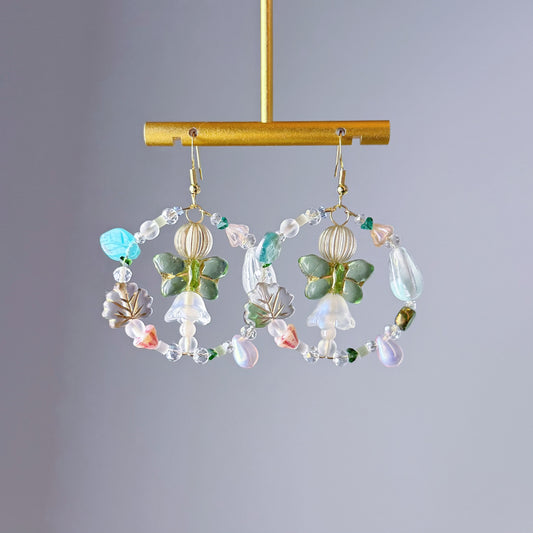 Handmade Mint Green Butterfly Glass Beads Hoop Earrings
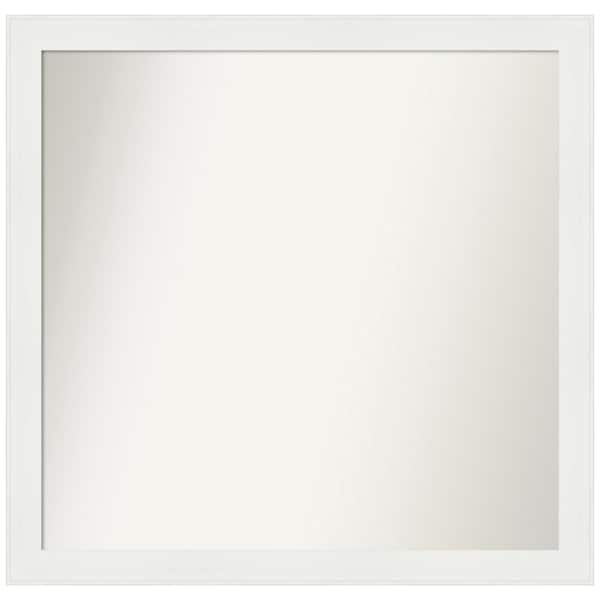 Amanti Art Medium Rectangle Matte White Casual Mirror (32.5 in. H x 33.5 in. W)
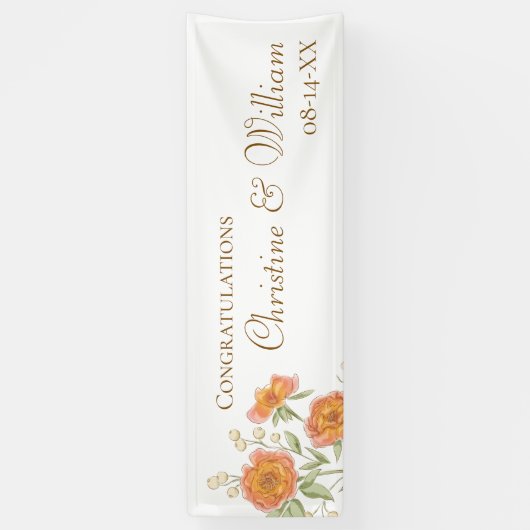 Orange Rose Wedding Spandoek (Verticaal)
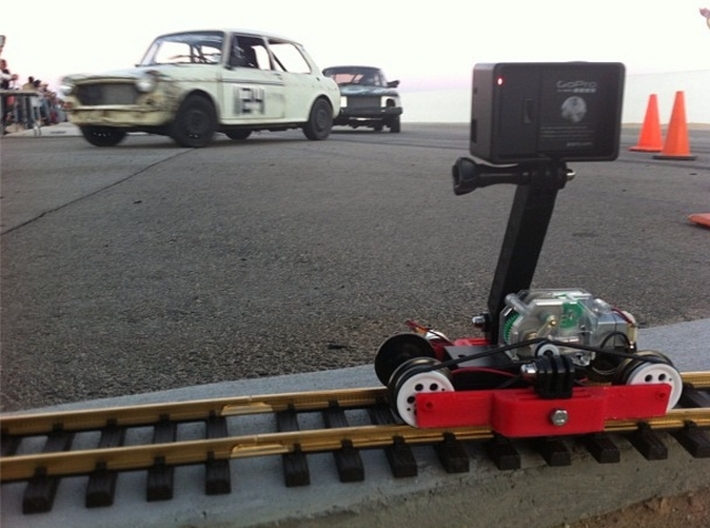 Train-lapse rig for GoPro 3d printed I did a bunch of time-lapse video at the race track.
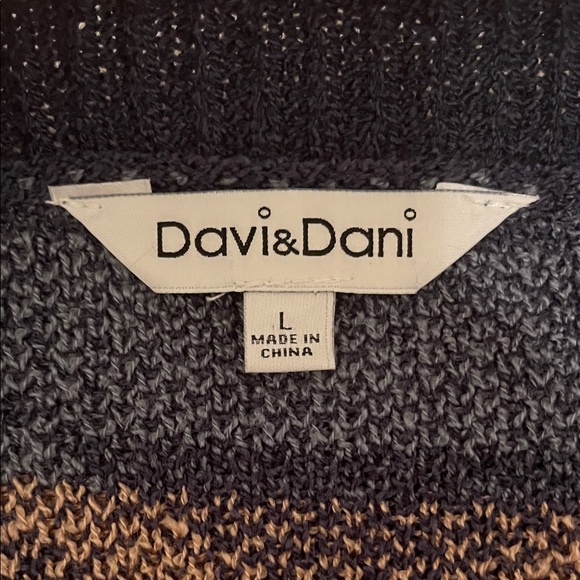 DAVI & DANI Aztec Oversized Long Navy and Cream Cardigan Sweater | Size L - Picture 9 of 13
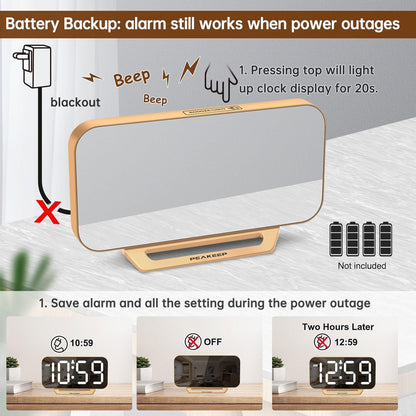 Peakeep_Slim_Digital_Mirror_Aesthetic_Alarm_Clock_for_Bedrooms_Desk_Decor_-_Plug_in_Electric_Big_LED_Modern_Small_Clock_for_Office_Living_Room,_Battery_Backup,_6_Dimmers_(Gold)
...
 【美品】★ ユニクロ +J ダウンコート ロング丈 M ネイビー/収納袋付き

TASK PROMPT - In the material above, which lines fall between the one holding "Orange Rose Wedding Spandoek (Verticaal)" and the one holding "DAVI & DANI", inclusive? Print exactly those, with the pictures left out.

EXERCISE ANSWER -
 Orange Rose Wedding Spandoek (Verticaal)
 Train-lapse rig for GoPro 3d printed I did a bunch of time-lapse video at the race track.
 DAVI & DANI Aztec Oversized Long Navy and Cream Cardigan Sweater | Size L - Picture 9 of 13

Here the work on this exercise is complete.